福留2000安打 次は金本虎を頂点に

 「広島4-2阪神」(25日、マツダスタジアム)

 阪神・福留孝介外野手(39)が、広島戦の六回、岡田から二塁内野安打を放って日本選手6人目の日米通算2000安打を達成した。日本で2度の首位打者、侍ジャパンで世界一にも輝いたエリートだが、ミスに泣いた苦しい若手時代を乗り越えて積み重ねたプロ野球での1502安打、米大リーグでの498安打だ。次は若虎とともに戦い、金本虎を頂点に導く。

 あの夜と違う。福留は広島の大歓声を全身に浴びた。新井、鳥谷から記念の花束とボードを受け取り、控えめに頭上へ。黄色と赤色に染まるスタンドとベンチに向けて、丁寧に何度も頭を下げた。

 「ホッとしているというのが一番。カープファンの皆さんも声援してくださって、ライトに行ったときもおめでとうと声をかけてくれた。ビジターですが幸せな気分でした」

 生き様(ざま)を示すような一打だ。4点を追う六回2死二塁。岡田の直球を一、二塁間へ。横っ跳びした菊池のグラブをはじき、しぶとくHランプをともした。直前四回の第2打席はカーブを呼び込み右翼線二塁打。「オレは中距離打者」という福留らしい安打でリーチをかけると、足踏みせず金字塔に到達した。

 10代から、スポットライトを浴び続けた。名門PL学園から日本生命を経て中日入団。五輪、WBCにそれぞれ2度出場し、世界一を経験した。夢を追って海へ渡った。エリート街道を歩んできたように映るが「すべてが順調だったわけではない」と言う。金本阪神超変革元年。レギュラーを目指して奮闘する若手の姿に視線を向けると、17年前の記憶が鮮やかによみがえる。

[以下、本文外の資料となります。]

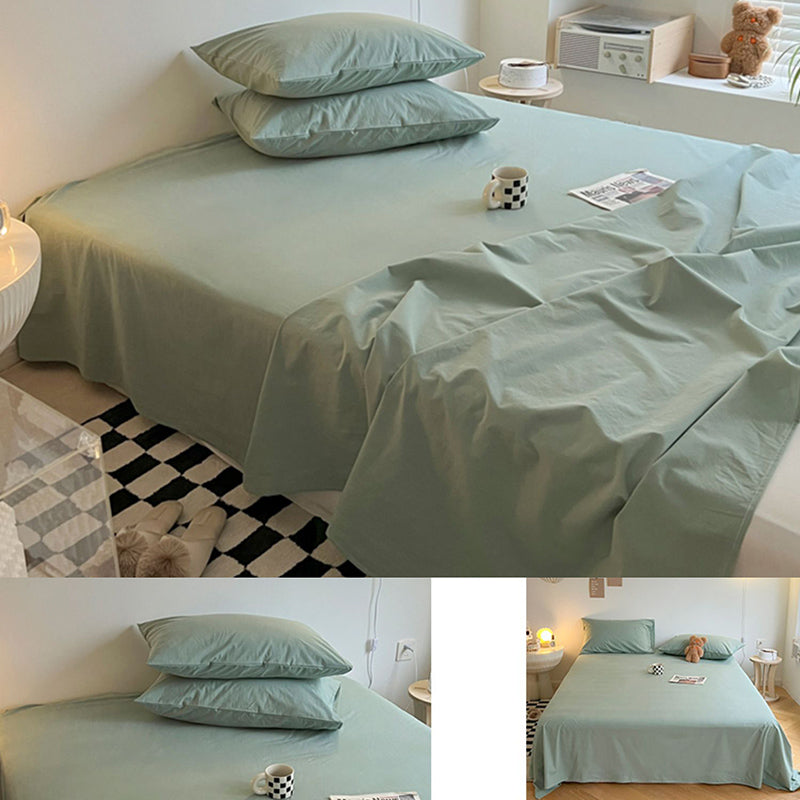 Solid Color Sheet Set Fade Resistant Cotton Breathable Bed Sheets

 「オレも初めて外野をやったとき、最初の初のプレーはサヨナラエラーやからね」

 中日時代の99年9月4日。蒸し暑い広島の夜だった。0-0の九回2死一、二塁。あと1死で延長戦という場面で、左翼を守っていたルーキーは平凡な飛球をポトリと落とした。外野出場は4試合目。まさかのサヨナラ失策だった。

 「ウオォー!、クソッ-!」

 試合後、目を真っ赤に充血させ、声を荒らげた。期待に応えらない自分に怒りと悔しさが募る。それでも、翌日のスタメンには福留の名前が記されていた。

 「お前もうダメだとか、もっとやれ!と言ってもらった方が楽だったかもしれない」

 いくらミスを重ねても星野監督から怒鳴られることはなかった。「自分が下手なんだから。うまくなるためにやるしかない」。無言のプレッシャーは力に変えた。レギュラーをつかむと、闘将がチームを去った翌年、試練が待ち受けていた。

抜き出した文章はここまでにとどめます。